Although my piping skills are not yet expert, I was pretty pleased with how my collection of gingerbread men looked. Being a warm and humid evening, the chocolate dried up pretty quickly so I only managed to make a few at a time. Next year I might even substitute the piped chocolate with royal icing!
- 400 g plain flour
- 3/4 teaspoon baking soda
- 2 teaspoons ground ginger
- 2 teaspoons ground cinnamon
- 1/2 teaspoon ground allspice
- 1/4 teaspoon ground nutmeg
- 1/2 teaspoon salt
- 180 g unsalted butter, at room temperature
- 125 g brown sugar
- 1 egg
- 125 g treacle
- Sift together the flour, baking soda, ginger, cinnamon, allspice, nutmeg and salt in a large bowl and set aside.
- Cream the butter and sugar using the paddle attachment on a slow speed until light and fluffy. Turn the mixer up to medium speed and beat in the egg and treacle, scraping any unmixed ingredients from the side of the bowl with a rubber spatula.

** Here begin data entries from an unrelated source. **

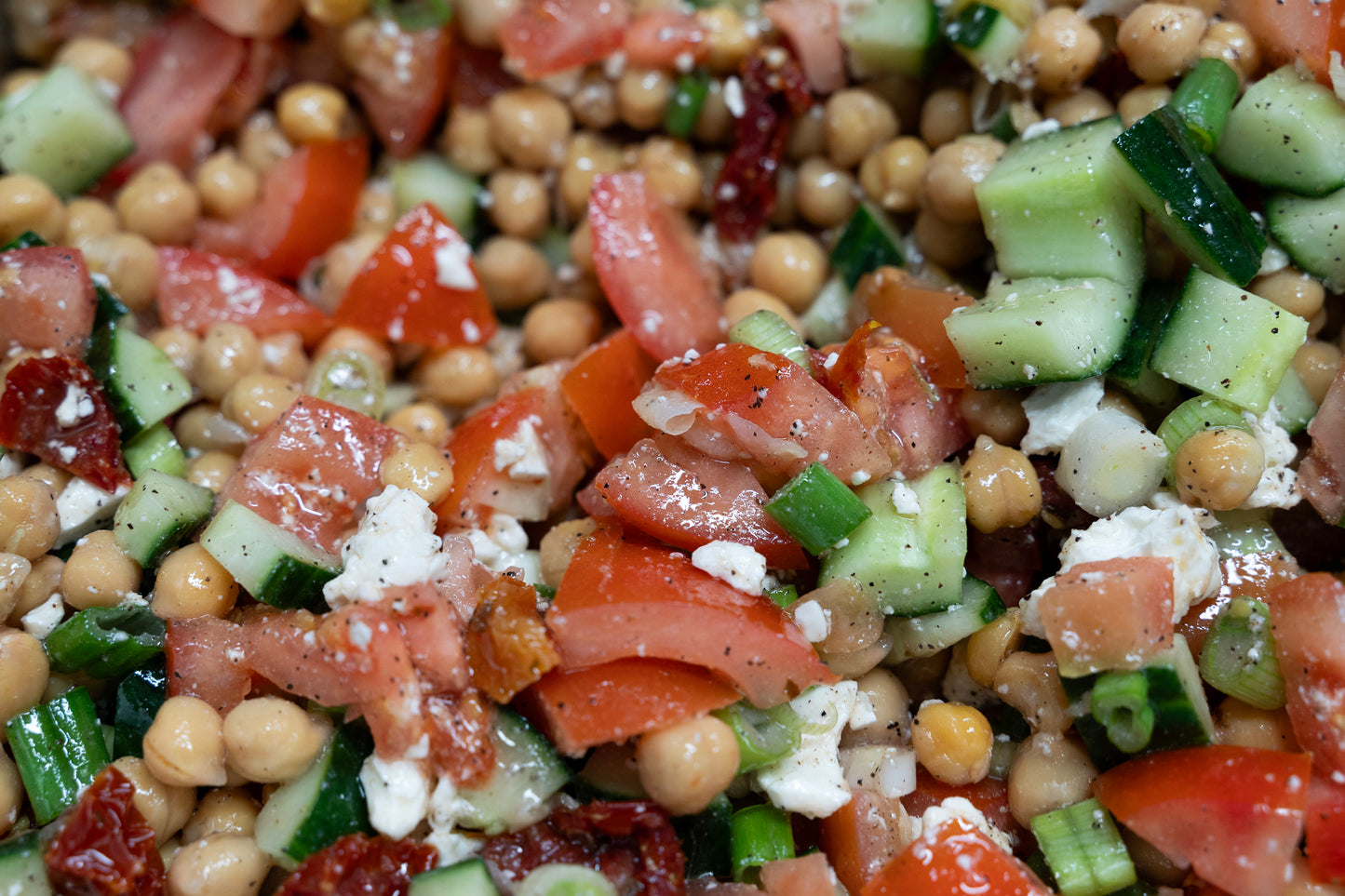 Homemade Greek Chic Pea Salad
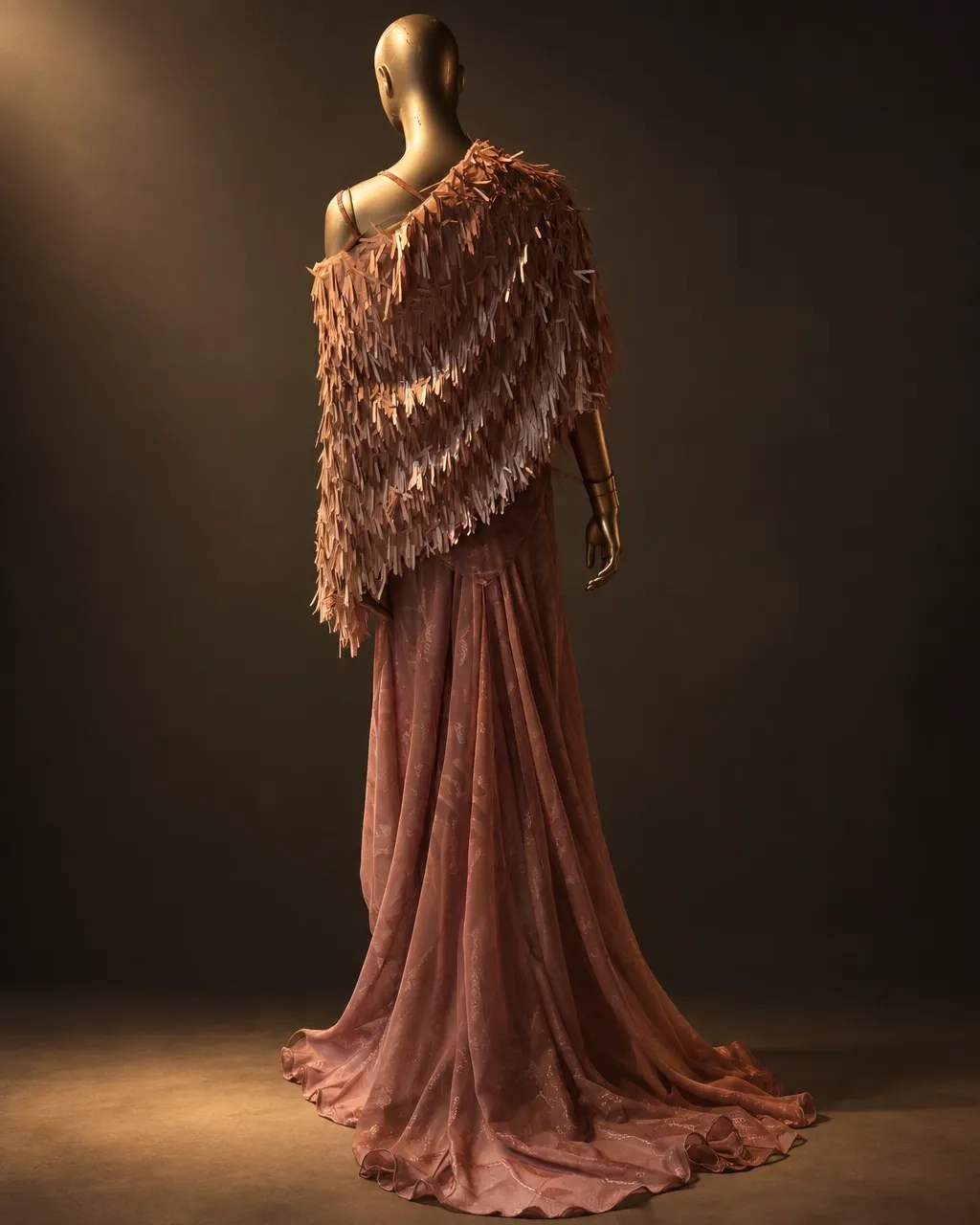 Draped textured Winter Couture silhouette on a mannequin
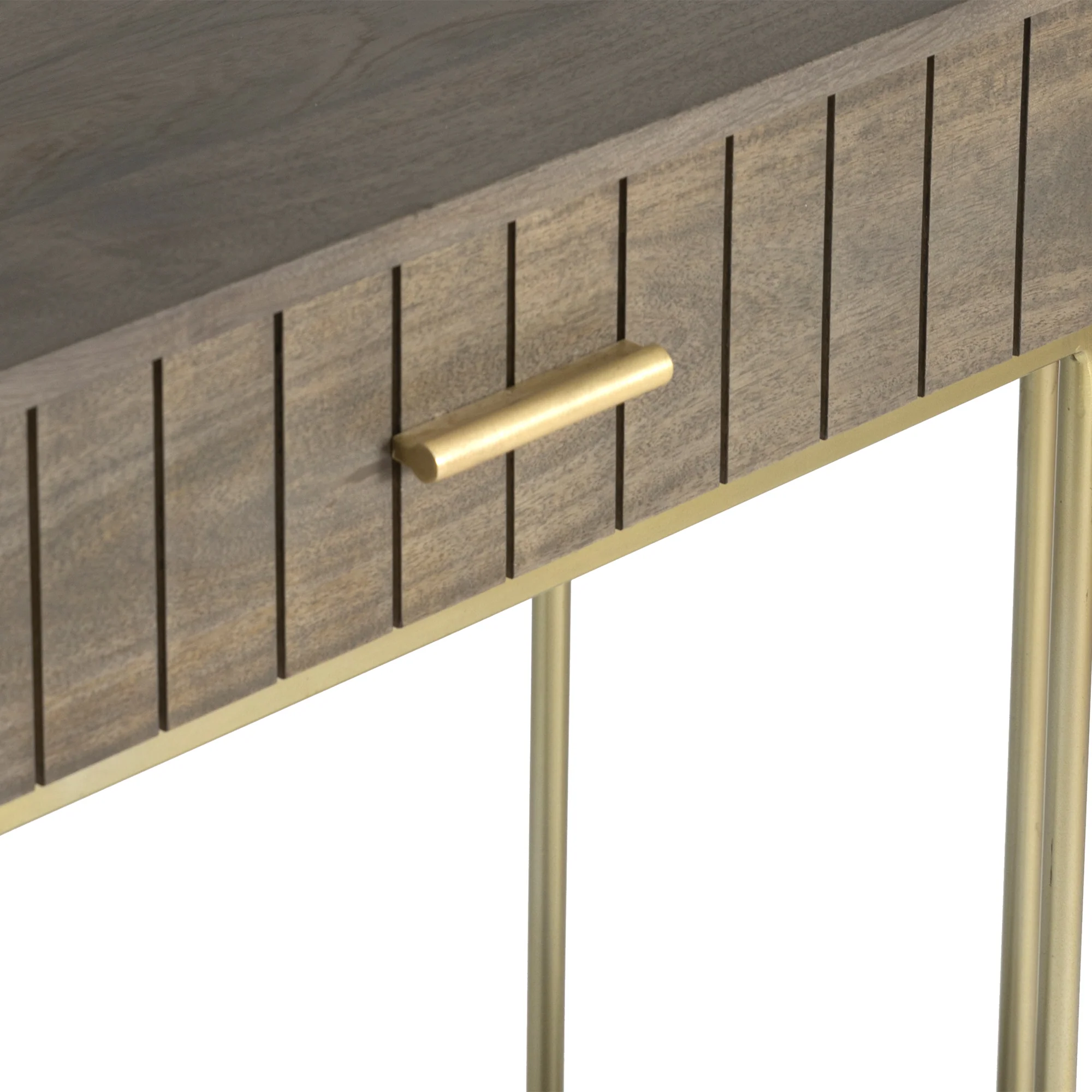  Furneezy Piano Console Table With Drawer - Ash Grey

- Turn the mixer back down to slow speed and slowly add the flour mixture a couple of tablespoons at a time, stopping often to scrape any unmixed ingredients from the side of the bowl. Once an even dough has formed, take it out of the mixer, divide into three balls and wrap each piece in clingfilm. Leave to rest overnight in the fridge.
- When you are ready to bake the cookies, preheat the oven to 170°C. Take the dough out of the fridge and leave to soften for about 10 minutes. Lightly dust a clean work surface with flour and roll out the dough to about 4 mm thick.
- Cut out shapes with the biscuit cutters. Arrange the cookies on a lined baking tray and bake for 10-15 minutes.
- Leave the cookies to cool slightly on oven trays before turning out onto a wire rack to cool completely.
- Decorate by piping melted chocolate or royal icing.